Finke, R. A., & Slayton, K. (1988). Explorations of creative visual synthesis in mental imagery. Memory And Cognition, 16(3), 252–257. doi:10.3758/BF03197758

Summary

In this paper, Finke and Slayton asked participants to use mental imagery to imagine objects composed out of a given set of basic geometric parts. They found that in almost 40% of trials, participants were able to come up with a recognizible arrangement of the parts, demonstrating that mental imagery isn’t just used as a way of encoding visual information, but that it is an active process of simulation that people can use to discover new things.

Methods

On each trial, participants saw three geometric forms (out of: circle, square, rectangle, triangle, horizontal line, vertical line, D, C, L, T, J, 8, X, V, P) and were told to combine them into a recognizable form. They could scale and rotate the parts, but not skew or otherwise distort them. Participants had 2 minutes to come up with a response, at the end of which they were to write down the name of the form they came up with (if they were able to come up with one) and then to draw out the form. Once they had drawn the form they couldn’t change their answer (to ensure that they were actually using mental imagery).

Algorithm

n/a

Takeaways

I think these result are really cool, and illustrate how powerful mental imagery really can be: it’s not just some epiphenomenon, but a true generative process that can be used to run a certain type of simulation.

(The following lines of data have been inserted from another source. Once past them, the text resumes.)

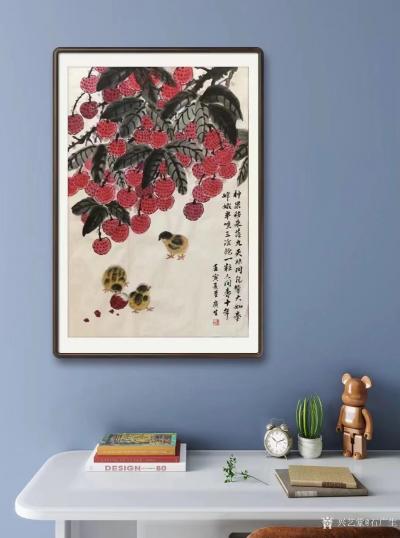 石广生日记-国画花鸟画作品《荔枝神果》，壬寅年夏至石广生画并题。
诗词在国画中还有一个作用【图3】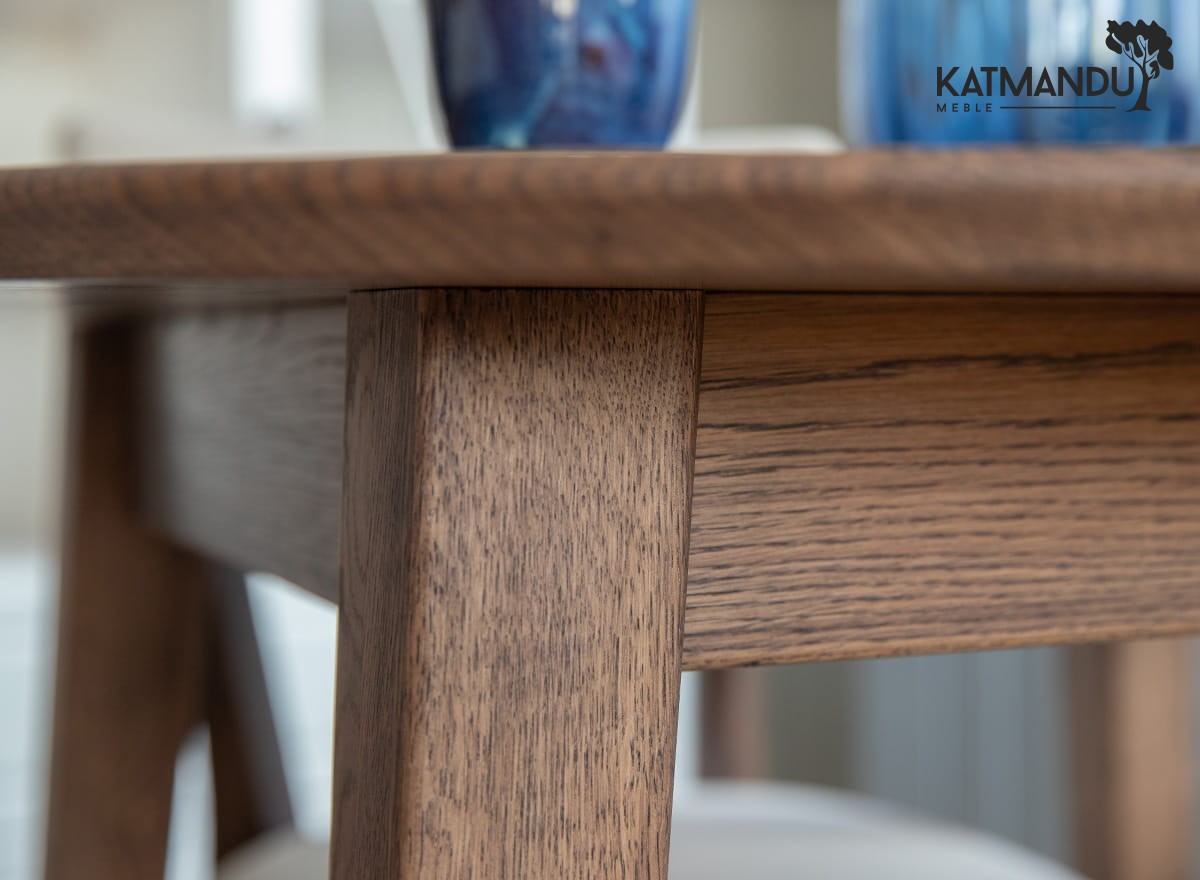 Runder Eichenholz Tisch 90 cm Tabacco Orbetello Stilvoll Robust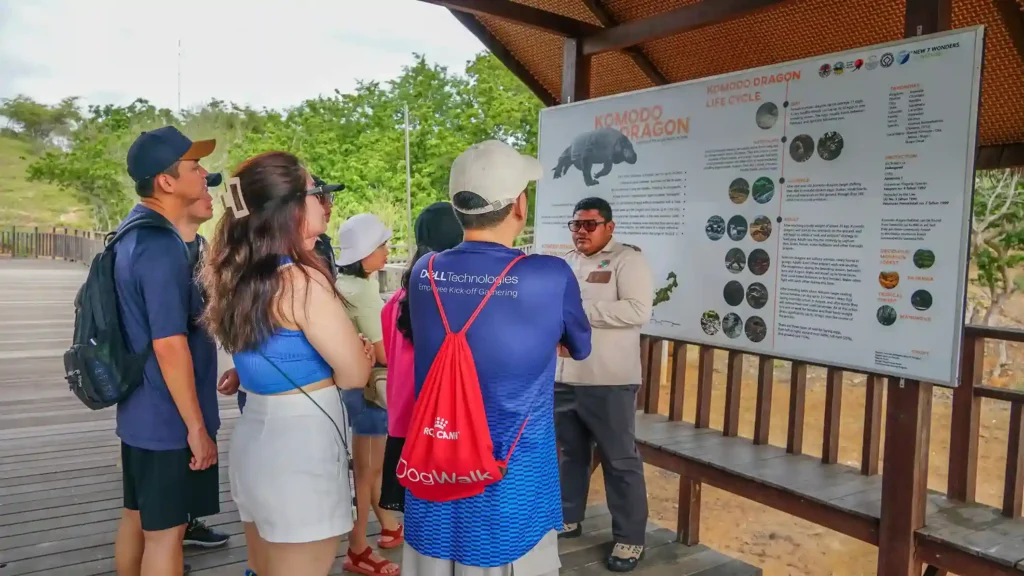 Tourists with Ranger at Komodo National Park | Komodo Island Tour | Boat Komodo Trip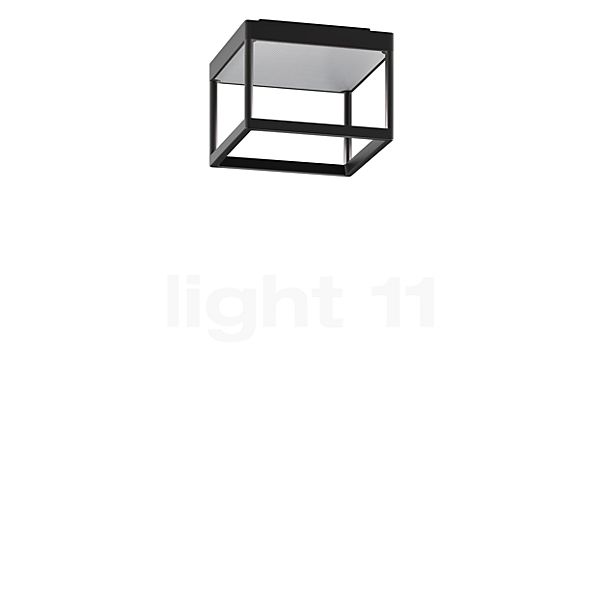 Serien Lighting Reflex² S Deckenleuchte LED body schwarz/reflektor silber - 15 cm - 2.700 K - Dali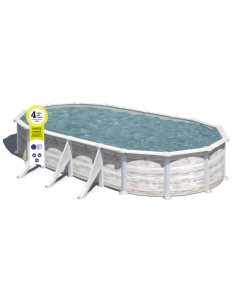 Piscina GRE ovalada serie Groenlandia 730 x 375 x 132 GRE 2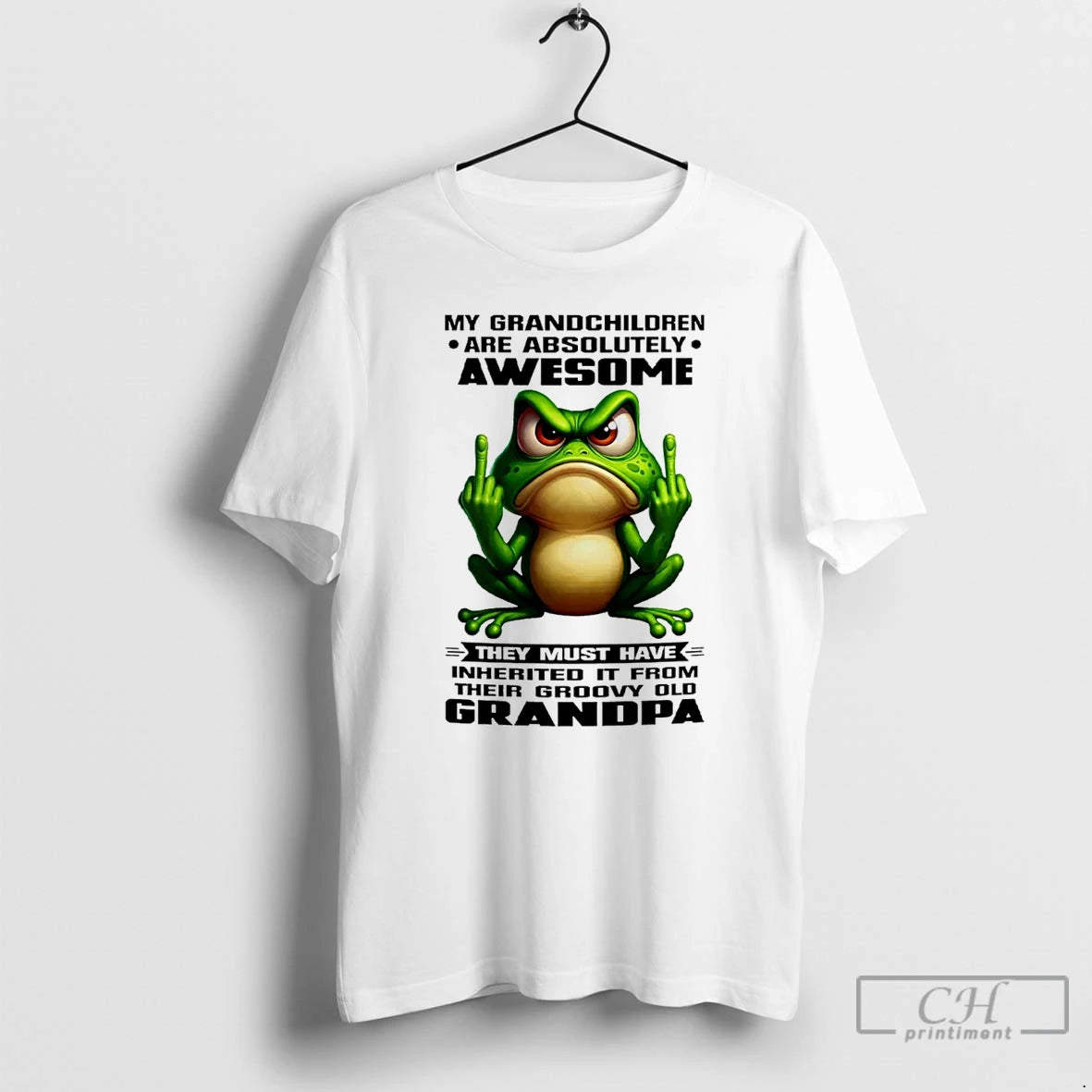 Classic Frog My Grandchildren Are Absolutely Awesome They Must Have Inherited It From Their Groovy - clothing by TeeHivey.com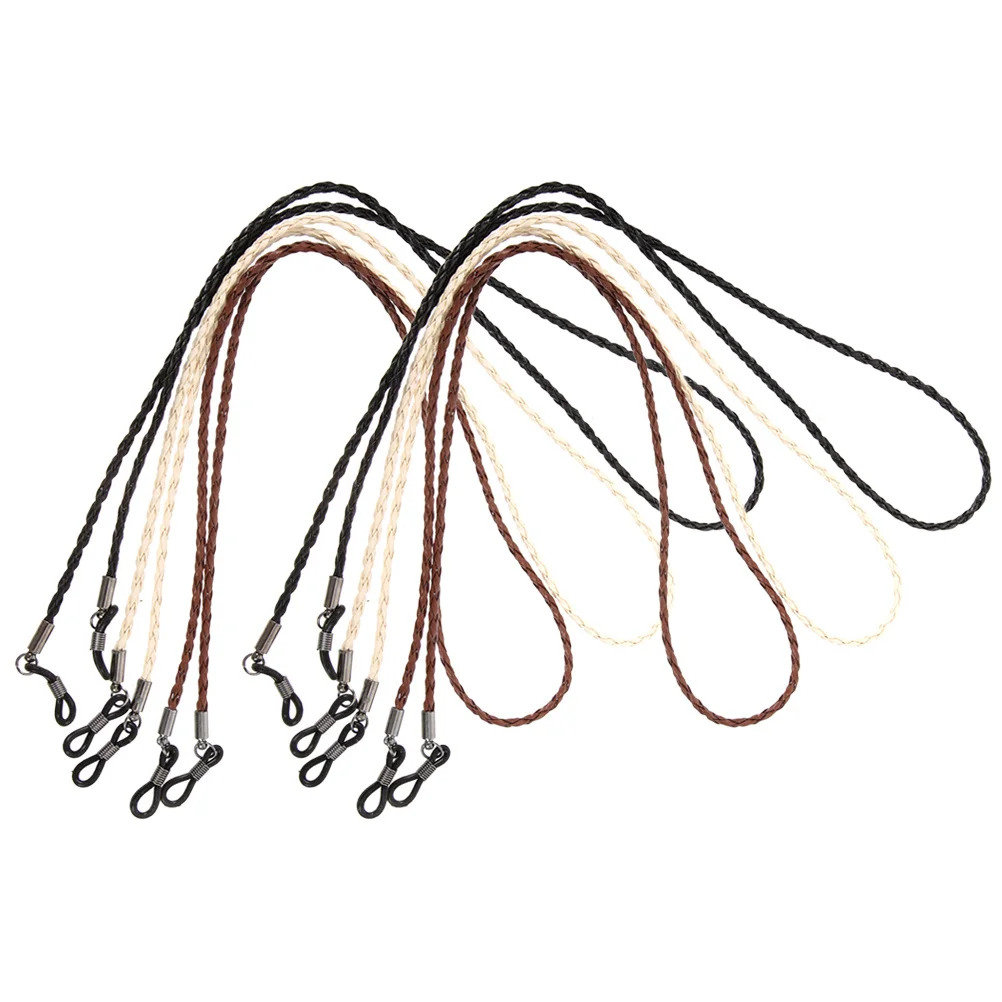 

6pcs Eyeglass Lanyard Durable Silicone Glasses Strap Anti-Loss Holder For Reading Sunglasses Eyeglasses Accessories Labor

I also think this paper is interesting because it presents a uniquely difficult challenge for AI systems or computational models. How do you model the synthesis of something entirely new? I would argue that it’s not truly a new synthesis, because we have strong prior knowledge about object categories and prototypes. One potential way to approach this would be to do something like Google’s inceptionism. First, train a neural network to recognize various categories of images. Second, generate an input image from the parts used in this experiment. Then, “enhance” that image to maximize the network’s objective function, except that rather than modifying the image on the pixel level, modify it by changing the position, rotation, and scale of the parts. I wonder if doing this would actually produce something recognizable—I’m not sure if having such schematized line drawings would work, but it would be a cool thing to try.